Politicians lie for a living go on ask one I bet they lie.

The above picture shows you political family values, on the surface God fearing people who stand about and hug alot but really its strong minded control freaks out to fool you to get votes. Did it work? did you vote McCain and Palin? slap yerself you fucking mong.
Old Knudsen hoped McCain was a man of honour but it turned out not to be so and Old Bitter Balls backed Obama as he was the not so bad choice.

If you've followed my blog over the years you'll notice the pattern of me blogging and the world doing . America would be far less Communist if it wasn't for Old Knudsen but Palin being a Dan Quayle type would have been great blog fodder. A lazy negro isn't as funny as a fucktard whitey.

Sarah Palin is anti-abortion so what? She does love the cock though. At the age of 44 she had a baby named Trig named after a person I believe and not Trigonometry or Roy Rodger's horse Trigger.
Even though she is anti-abortion she had him tested and was told he would have Doon syndrome.
Maybe sorta hoping a miscarriage would happen naturally she got on a plane while 8 months pregnant and feeling contractions and flew to Dallas to give a speech.

Yeah a terrible thing to suggest but I'm not seeing family values here, the speech was very important to her and to quote, "I was not going to miss that speech."

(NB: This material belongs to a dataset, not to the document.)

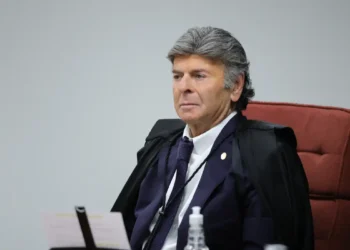 fux-aponta-incompetencia-do-stf-para-julgar-bolsonaro-e-aliados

Bristol Palin Sarah's cock craving daughter got up the duff aged 17 the young man Levi Johnston said he'd do the right thing which Mrs Palin and Mr McCain decided would be a shotgun wedding.
Not very shocking in the real world since it happens all the time and Levi was no doubt promised big things when they won so the young couple played happy families.

When the then still unwed 18 year old Bristol was going into labour Levi's own mother was facing six felony counts of misconduct involving a controlled substance the poor lad .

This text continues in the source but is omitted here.